▶ About this task
Exactly the lines below from the line with "You would use" through the line with "In this problem" must make up the answer, both ends included and pictures left out.

▶ Records shown
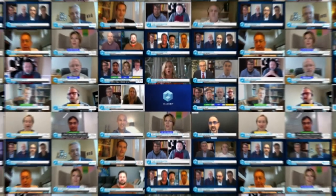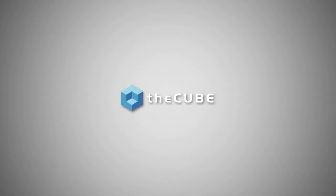From theCUBE studios in Palo Alto and Boston, it's theCUBE, covering IBM Think, brought to you by IBM. Welcome back, I'm Stu Miniman, and this is theCUBE's coverage of IBM Think 2020, the digital experience. Happy to welcome to the program Dinesh Nirmal, who's the Chief Product Officer for Cloud Paks inside IBM. Dinesh, nice to see you, thanks so much for joining us.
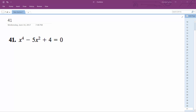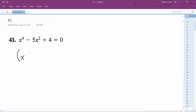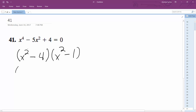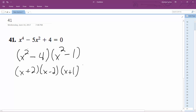Alright, solving for this problem. We can actually break this down to x squared minus 4 and x squared minus 1. So then we get x plus 2, x minus 2, and then x plus 1, x minus 1.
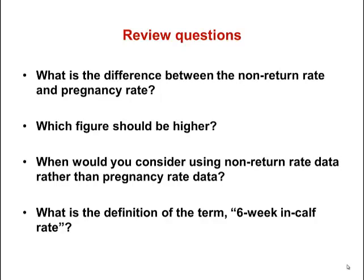You would use non-return rate data rather than pregnancy rate data when you can't actually pregnancy test but you have access to information on when and which cows are returning to heat. The 6-week in-calf rate is defined as the percentage of cows that get pregnant within 6 weeks of the start of the breeding season.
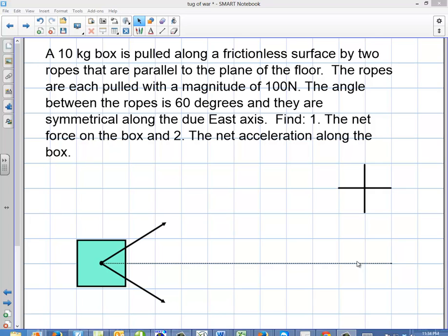In this problem we're going to be talking about forces acting upon an object and we're going to determine a net force and a net acceleration. The problem reads: a 10 kilogram box is pulled along a frictionless surface by two ropes that are parallel to the plane of the floor. The ropes are each pulled with a magnitude of 100 newtons, the angle between the ropes is 60 degrees, and they are symmetrical along the due east axis. Find the net force on the box and the net acceleration of the box.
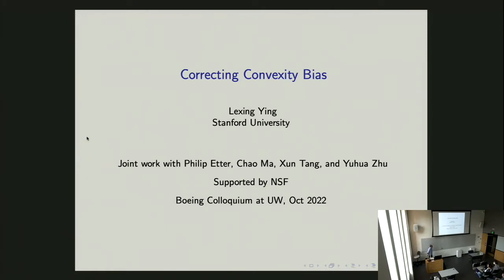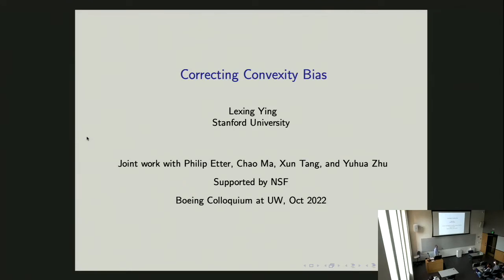Thank you very much to the department for inviting me for this Boeing Colloquium. I was here more than 20 years ago — back then I was still a graduate student — so it's nice to be back. Today I'm going to give a talk for the first time. The title is called 'Correcting Convexity Biases.' Since it's my first time giving it, maybe I'm a little bit rusty, so if anything's not clear or you have questions, feel free to interrupt me and I'll be happy to answer.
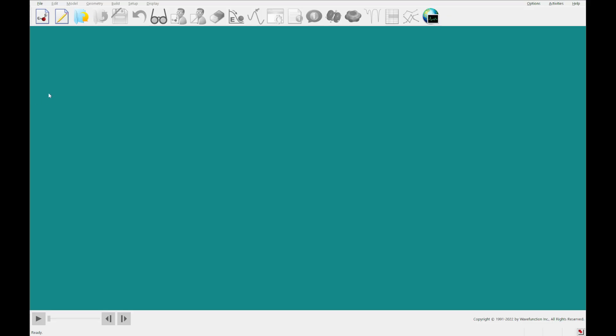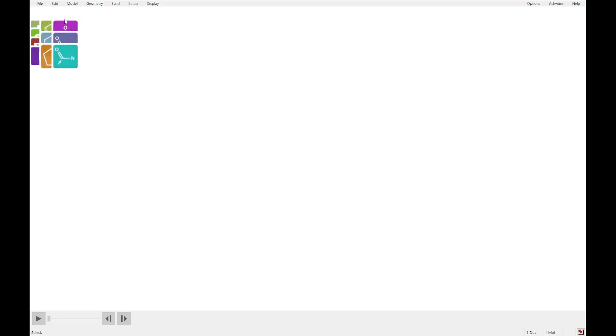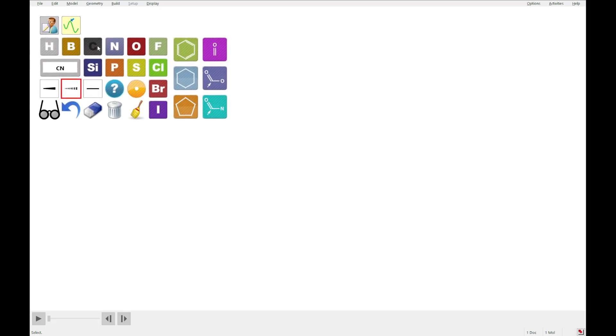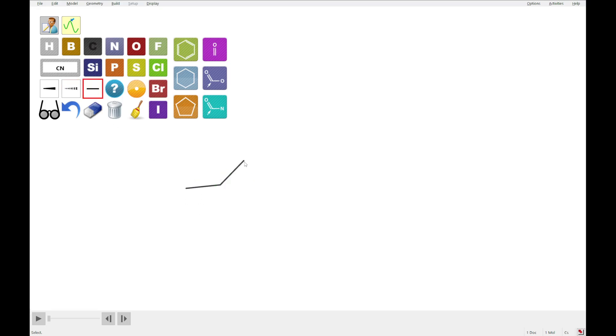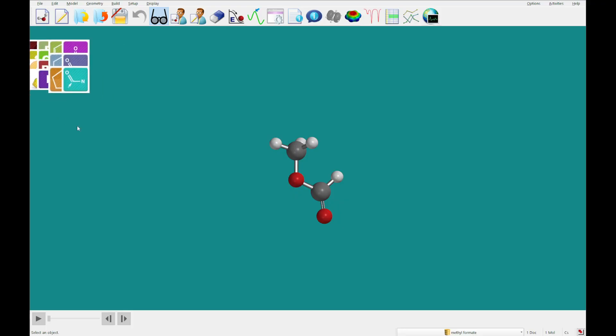Which I already have open in another window, so without further ado, we are going to get started by building methyl formate, which I'm going to do like this.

▶ Written reply
You would use non-return rate data rather than pregnancy rate data when you can't actually pregnancy test but you have access to information on when and which cows are returning to heat. The 6-week in-calf rate is defined as the percentage of cows that get pregnant within 6 weeks of the start of the breeding season.
In this problem we're going to be talking about forces acting upon an object and we're going to determine a net force and a net acceleration. The problem reads: a 10 kilogram box is pulled along a frictionless surface by two ropes that are parallel to the plane of the floor. The ropes are each pulled with a magnitude of 100 newtons, the angle between the ropes is 60 degrees, and they are symmetrical along the due east axis. Find the net force on the box and the net acceleration of the box.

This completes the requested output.